--- TASK OBJECTIVE ---
Look for the word "High" in the data below, and copy every line that holds it.

-- SUPPLIED DATA follows --

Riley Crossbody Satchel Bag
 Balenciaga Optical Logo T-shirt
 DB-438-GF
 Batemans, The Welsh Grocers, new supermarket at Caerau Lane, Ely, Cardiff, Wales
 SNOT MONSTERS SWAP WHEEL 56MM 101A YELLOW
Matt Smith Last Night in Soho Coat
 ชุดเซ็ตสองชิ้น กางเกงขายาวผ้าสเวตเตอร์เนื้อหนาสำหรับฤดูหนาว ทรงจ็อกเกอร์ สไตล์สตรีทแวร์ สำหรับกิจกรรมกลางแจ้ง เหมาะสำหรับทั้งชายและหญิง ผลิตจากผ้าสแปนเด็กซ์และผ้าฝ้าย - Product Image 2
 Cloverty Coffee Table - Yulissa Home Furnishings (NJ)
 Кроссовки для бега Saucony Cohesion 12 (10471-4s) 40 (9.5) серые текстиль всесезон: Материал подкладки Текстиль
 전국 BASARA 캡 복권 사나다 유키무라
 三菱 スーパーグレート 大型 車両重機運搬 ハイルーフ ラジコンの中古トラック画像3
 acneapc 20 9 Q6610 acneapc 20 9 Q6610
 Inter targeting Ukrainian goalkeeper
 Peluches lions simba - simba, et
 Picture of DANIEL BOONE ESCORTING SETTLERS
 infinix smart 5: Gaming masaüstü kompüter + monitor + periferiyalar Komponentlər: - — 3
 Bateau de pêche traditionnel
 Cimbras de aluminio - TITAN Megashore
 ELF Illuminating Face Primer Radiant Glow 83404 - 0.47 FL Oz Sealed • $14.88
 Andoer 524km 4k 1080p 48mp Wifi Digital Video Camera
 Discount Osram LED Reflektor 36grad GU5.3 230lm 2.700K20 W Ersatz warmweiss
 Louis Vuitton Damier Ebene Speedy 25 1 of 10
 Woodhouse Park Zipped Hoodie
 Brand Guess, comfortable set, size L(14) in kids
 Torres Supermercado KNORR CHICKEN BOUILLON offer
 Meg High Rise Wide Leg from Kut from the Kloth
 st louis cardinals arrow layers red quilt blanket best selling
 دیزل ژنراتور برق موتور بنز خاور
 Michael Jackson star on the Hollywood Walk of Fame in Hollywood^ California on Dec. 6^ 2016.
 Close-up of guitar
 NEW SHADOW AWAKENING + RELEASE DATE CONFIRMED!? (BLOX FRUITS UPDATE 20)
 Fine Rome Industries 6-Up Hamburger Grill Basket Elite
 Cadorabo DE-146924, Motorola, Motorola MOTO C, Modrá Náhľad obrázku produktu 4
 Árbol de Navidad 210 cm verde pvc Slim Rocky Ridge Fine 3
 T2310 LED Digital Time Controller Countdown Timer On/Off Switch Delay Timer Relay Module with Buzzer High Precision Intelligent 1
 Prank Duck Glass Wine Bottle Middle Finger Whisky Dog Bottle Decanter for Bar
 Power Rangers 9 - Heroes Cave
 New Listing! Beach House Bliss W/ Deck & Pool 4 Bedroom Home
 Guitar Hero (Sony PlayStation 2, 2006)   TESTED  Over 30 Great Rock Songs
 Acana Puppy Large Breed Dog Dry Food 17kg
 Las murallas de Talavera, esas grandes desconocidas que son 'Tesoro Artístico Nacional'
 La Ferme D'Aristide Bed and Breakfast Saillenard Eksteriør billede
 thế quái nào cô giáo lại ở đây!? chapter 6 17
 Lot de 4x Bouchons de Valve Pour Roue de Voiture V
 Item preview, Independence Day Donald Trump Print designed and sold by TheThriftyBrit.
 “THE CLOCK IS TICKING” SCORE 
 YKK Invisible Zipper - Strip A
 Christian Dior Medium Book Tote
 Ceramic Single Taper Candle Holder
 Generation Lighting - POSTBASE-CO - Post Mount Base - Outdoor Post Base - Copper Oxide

-- SUPPLIED DATA concluded --

--- ANSWER AREA ---
 Meg High Rise Wide Leg from Kut from the Kloth
 T2310 LED Digital Time Controller Countdown Timer On/Off Switch Delay Timer Relay Module with Buzzer High Precision Intelligent 1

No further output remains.